Dataset records —
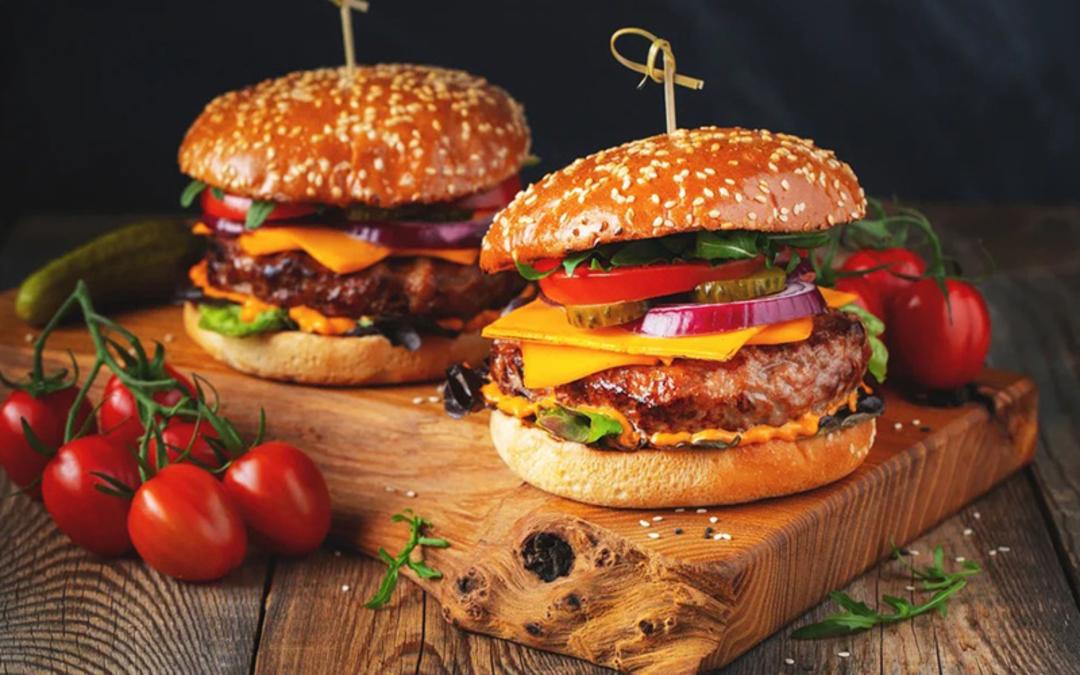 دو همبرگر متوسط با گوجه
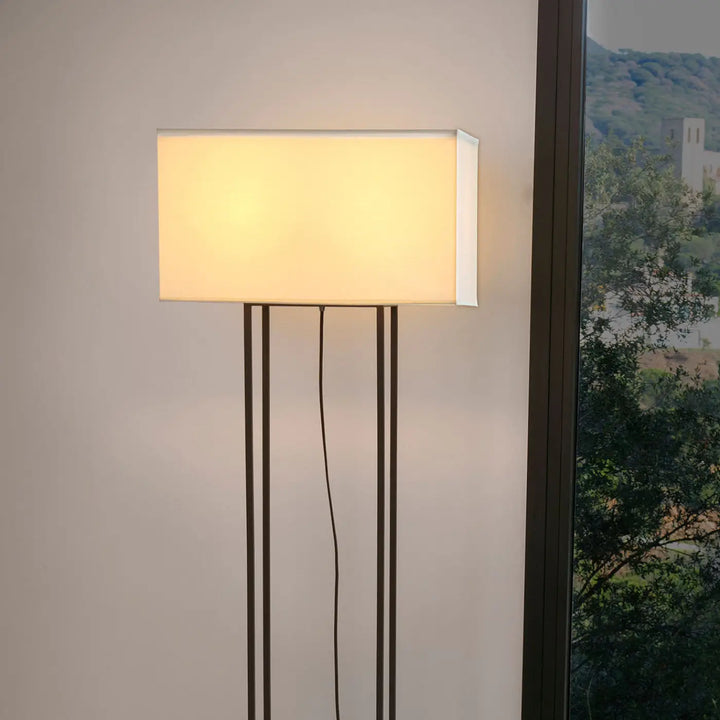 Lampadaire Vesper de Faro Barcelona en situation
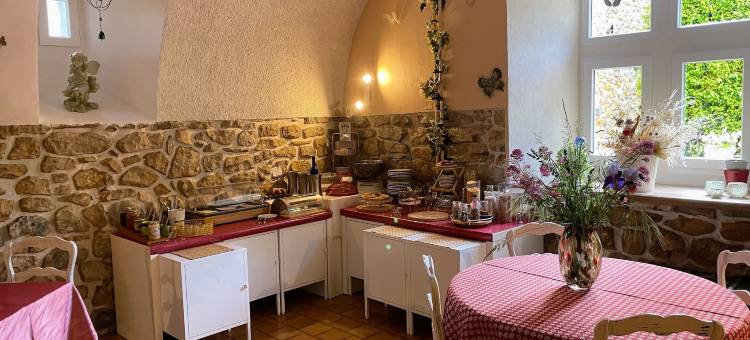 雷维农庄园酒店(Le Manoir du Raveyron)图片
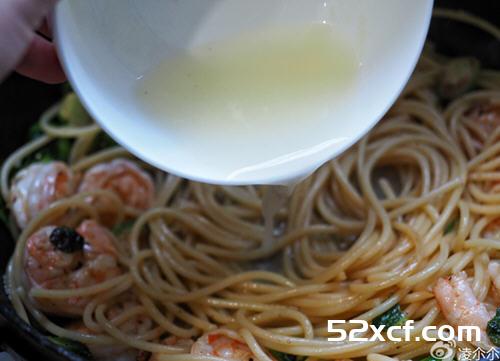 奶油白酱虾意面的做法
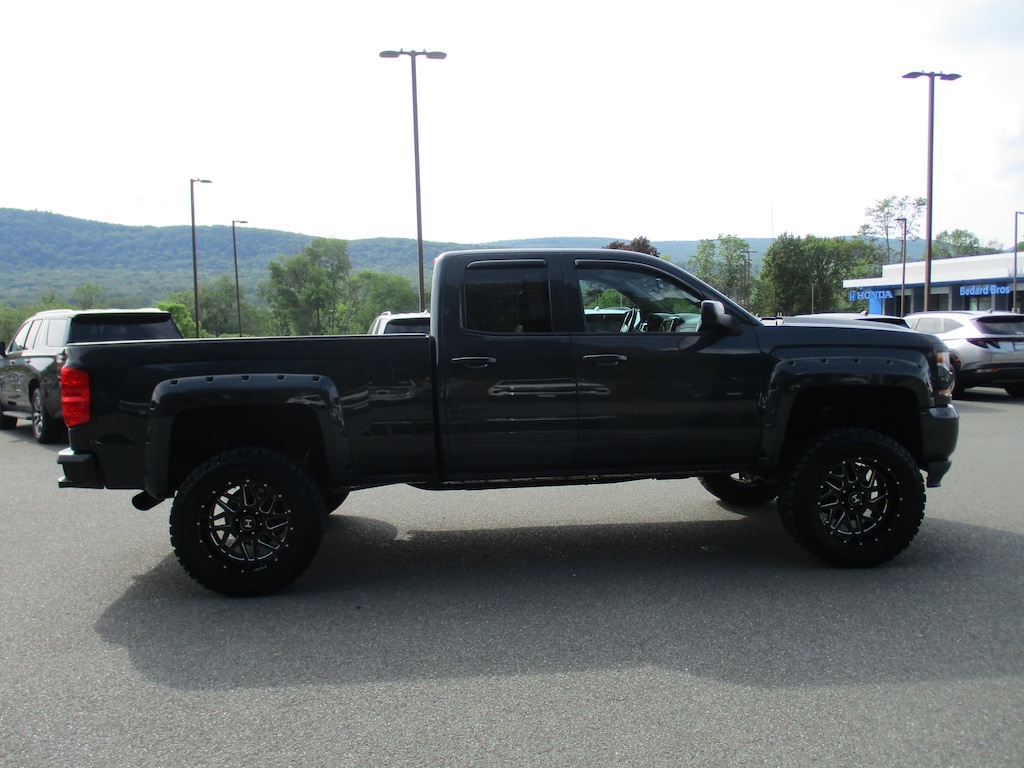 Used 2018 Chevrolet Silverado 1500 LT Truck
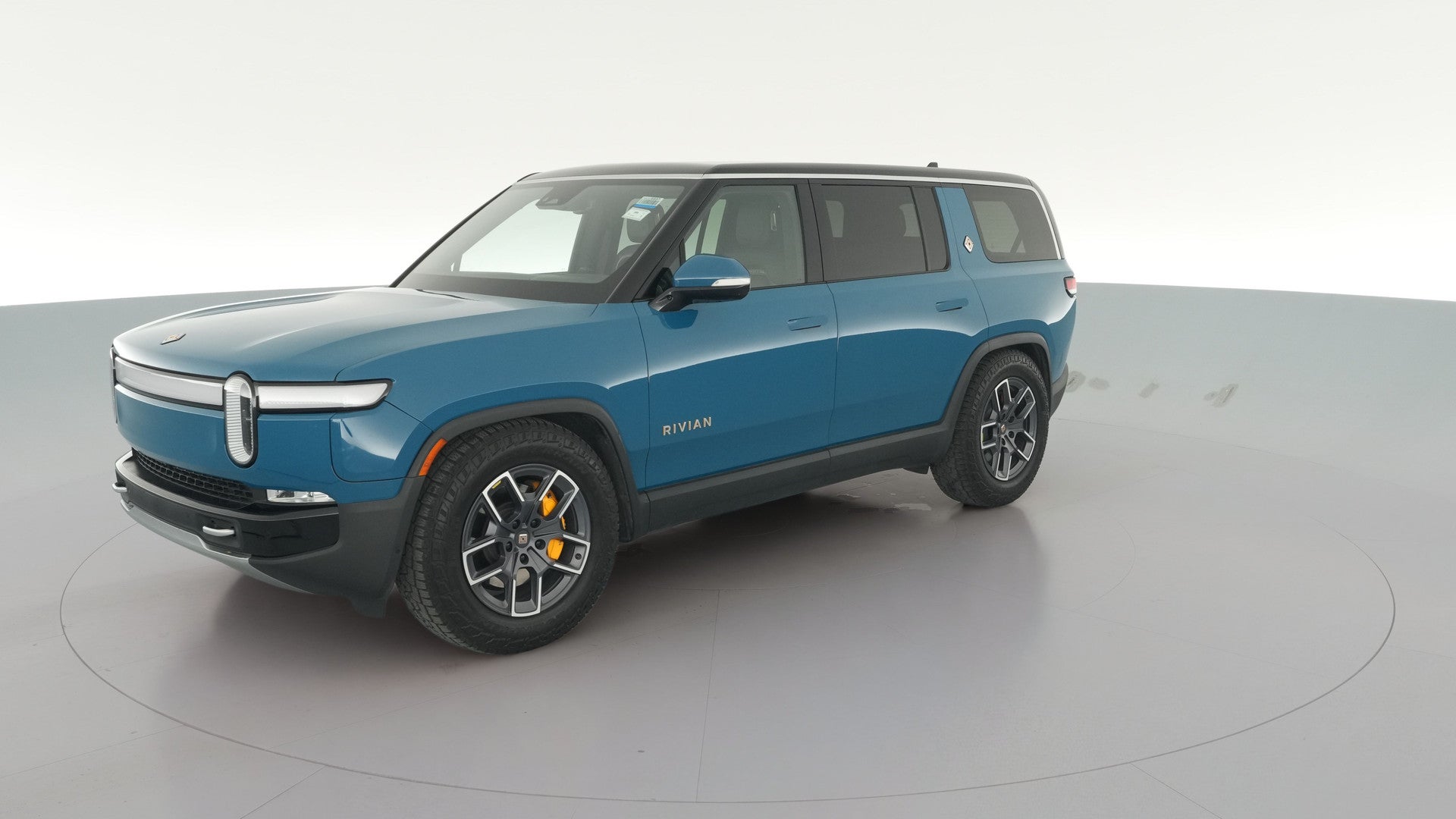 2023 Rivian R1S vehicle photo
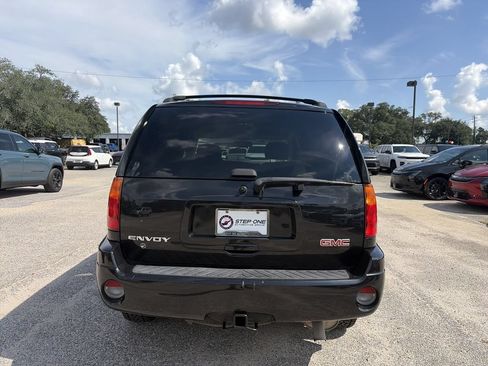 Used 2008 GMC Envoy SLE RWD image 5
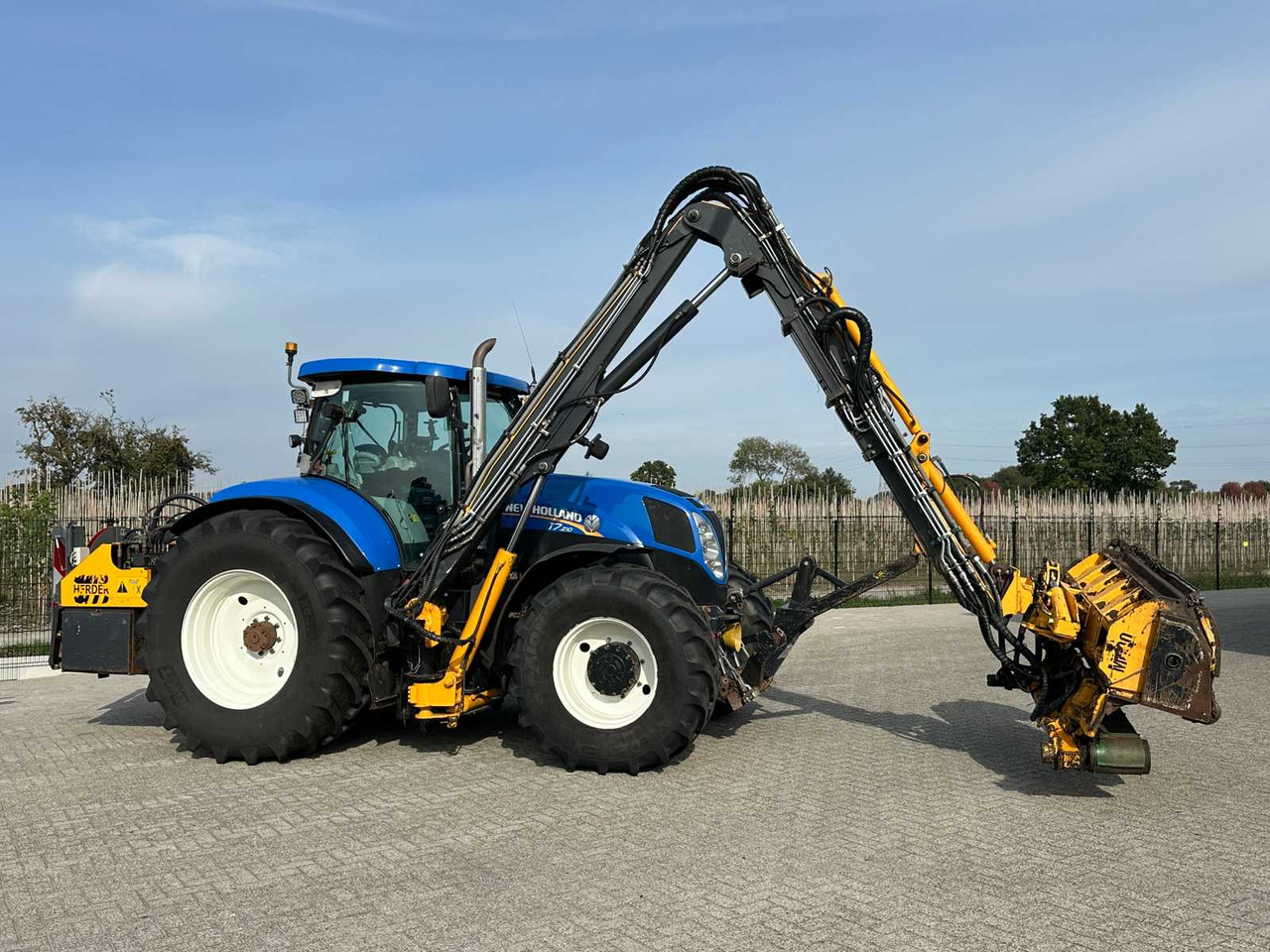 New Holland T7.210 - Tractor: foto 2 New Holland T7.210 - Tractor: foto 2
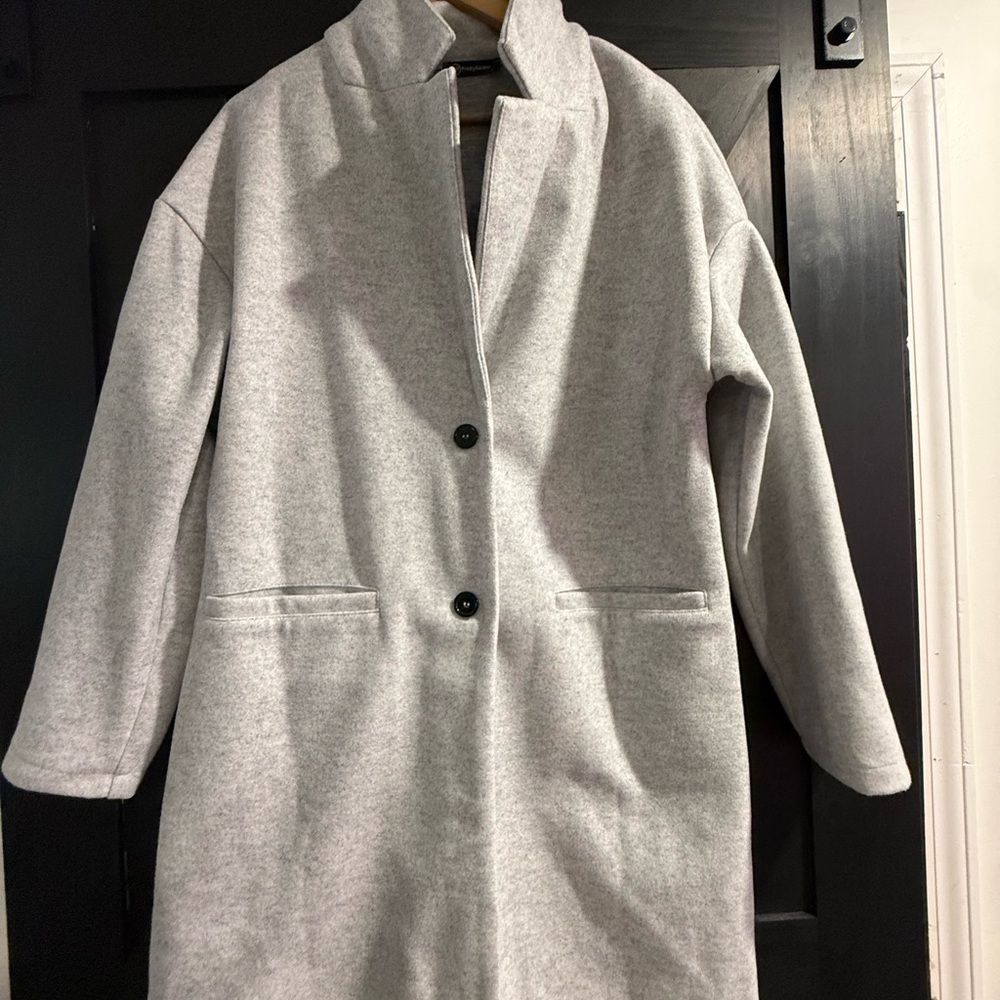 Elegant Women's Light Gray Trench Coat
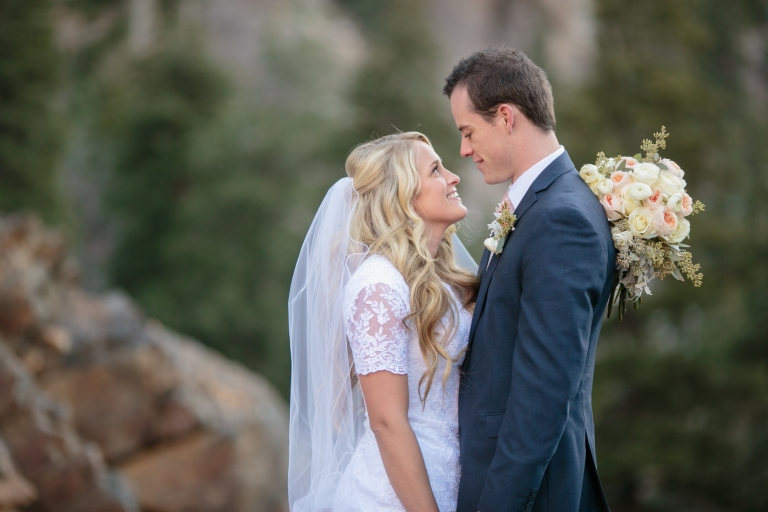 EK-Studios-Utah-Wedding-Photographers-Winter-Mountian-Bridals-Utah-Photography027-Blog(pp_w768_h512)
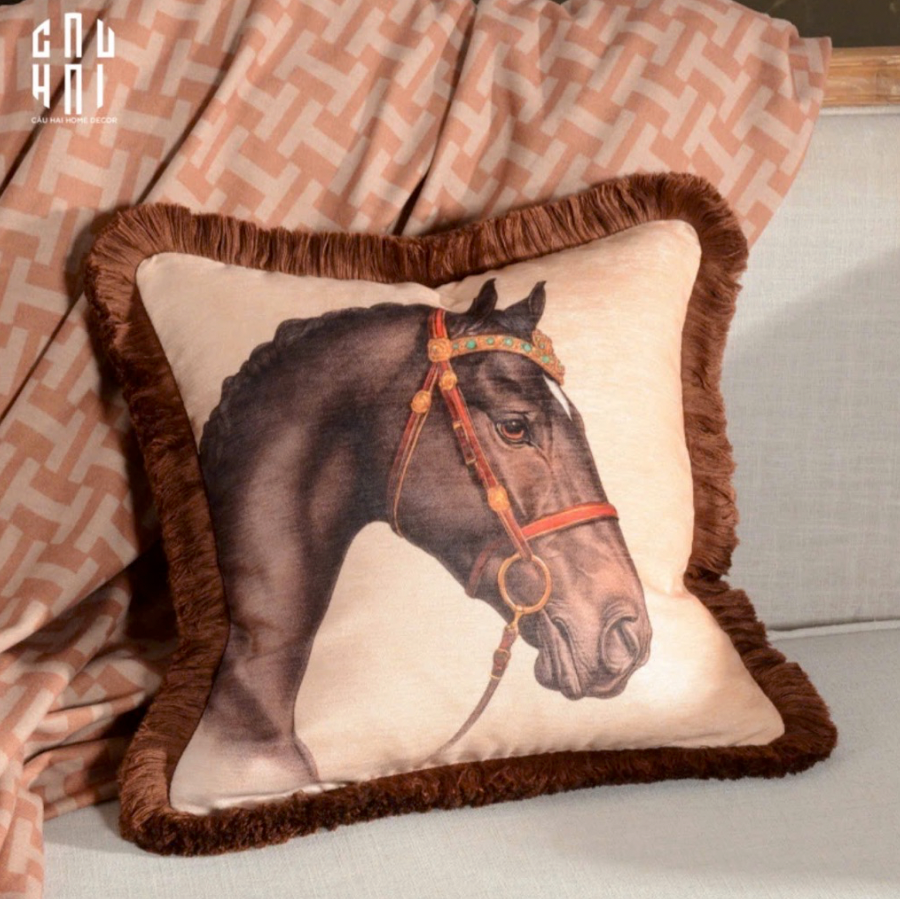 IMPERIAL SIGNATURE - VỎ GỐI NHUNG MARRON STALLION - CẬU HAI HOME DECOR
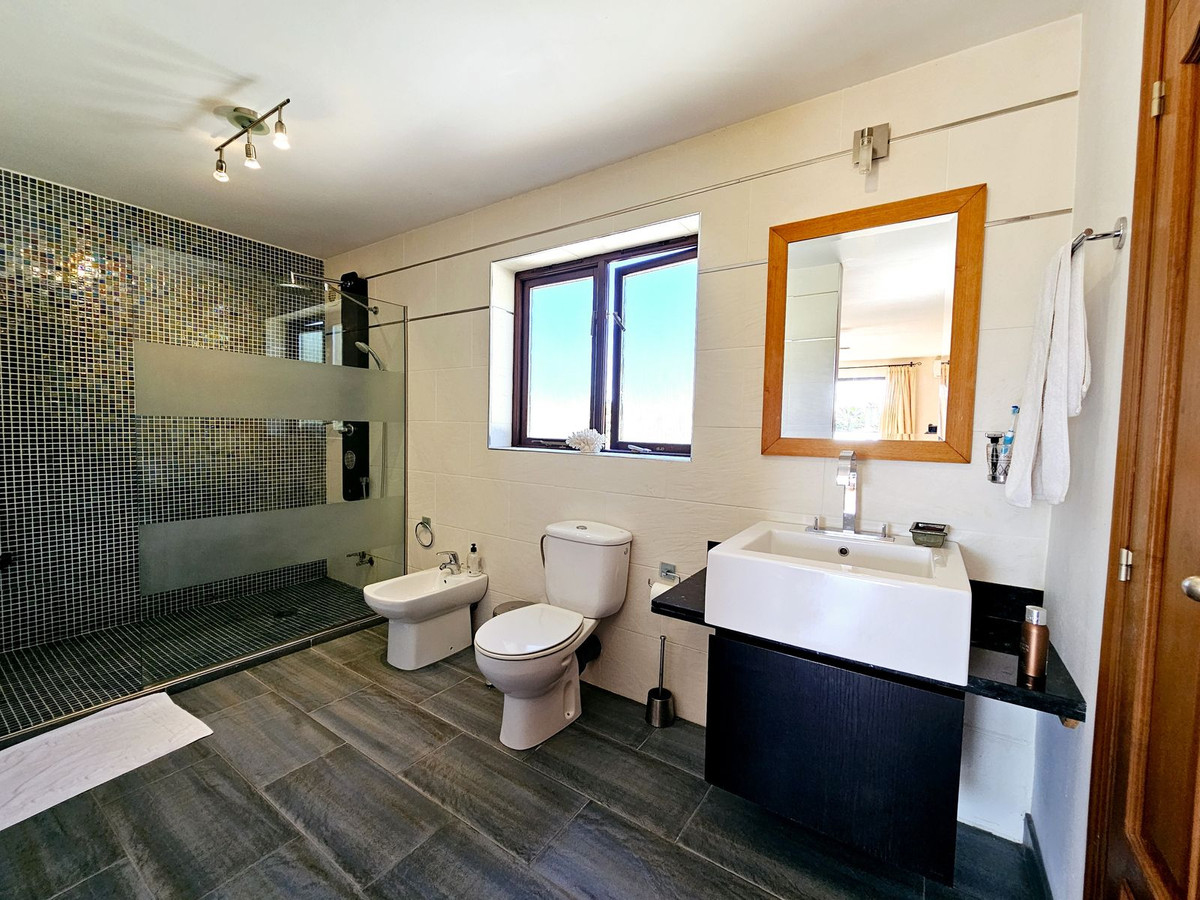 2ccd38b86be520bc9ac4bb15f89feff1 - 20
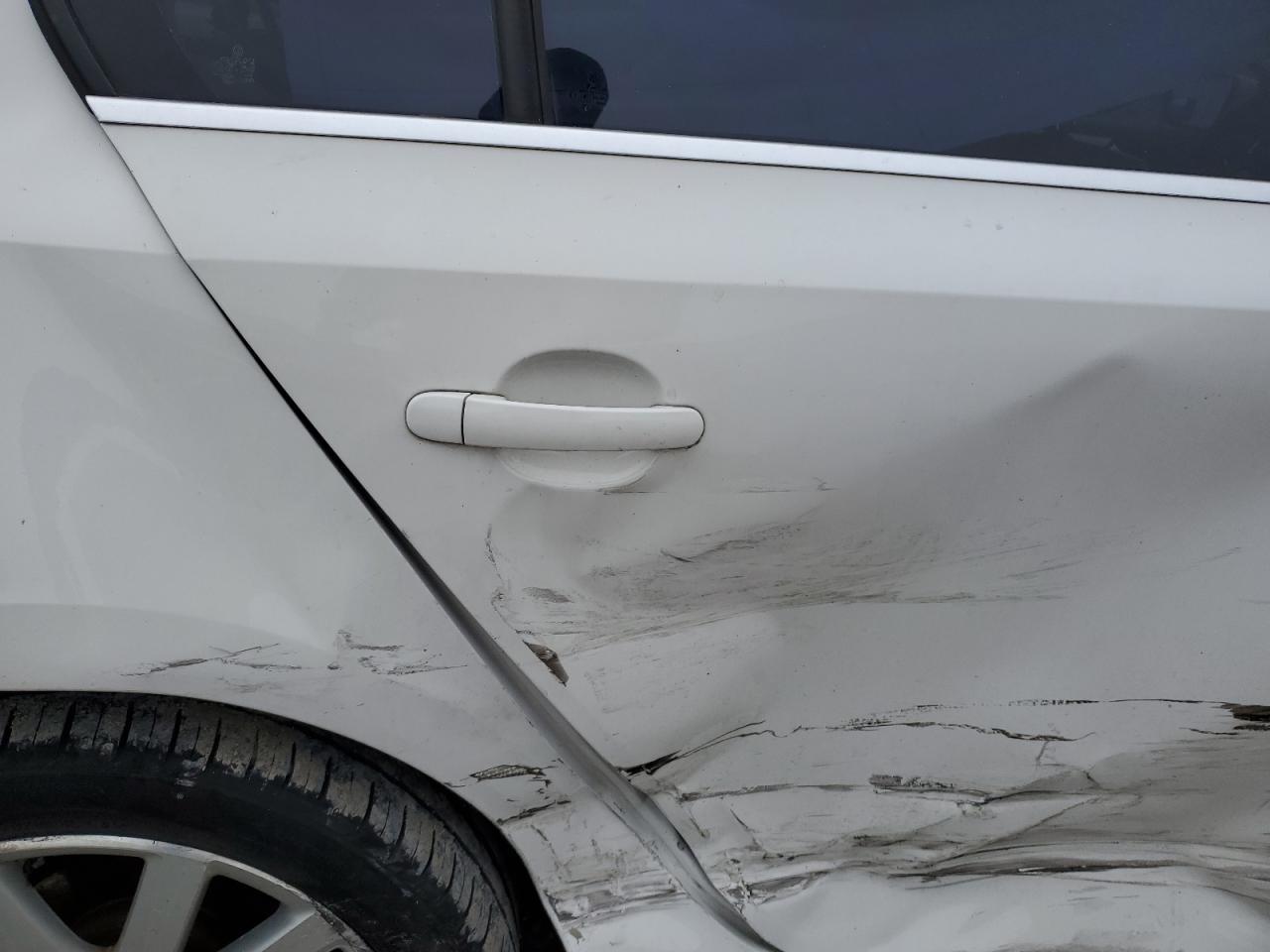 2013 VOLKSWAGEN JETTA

Directions — Write the entries above out again exactly, omitting each image.

Response to the task —
 دو همبرگر متوسط با گوجه
 Lampadaire Vesper de Faro Barcelona en situation
 雷维农庄园酒店(Le Manoir du Raveyron)图片
 奶油白酱虾意面的做法
 Used 2018 Chevrolet Silverado 1500 LT Truck
 2023 Rivian R1S vehicle photo
 Used 2008 GMC Envoy SLE RWD image 5
 New Holland T7.210 - Tractor: foto 2 New Holland T7.210 - Tractor: foto 2
 Elegant Women's Light Gray Trench Coat
 EK-Studios-Utah-Wedding-Photographers-Winter-Mountian-Bridals-Utah-Photography027-Blog(pp_w768_h512)
 IMPERIAL SIGNATURE - VỎ GỐI NHUNG MARRON STALLION - CẬU HAI HOME DECOR
 2ccd38b86be520bc9ac4bb15f89feff1 - 20
 2013 VOLKSWAGEN JETTA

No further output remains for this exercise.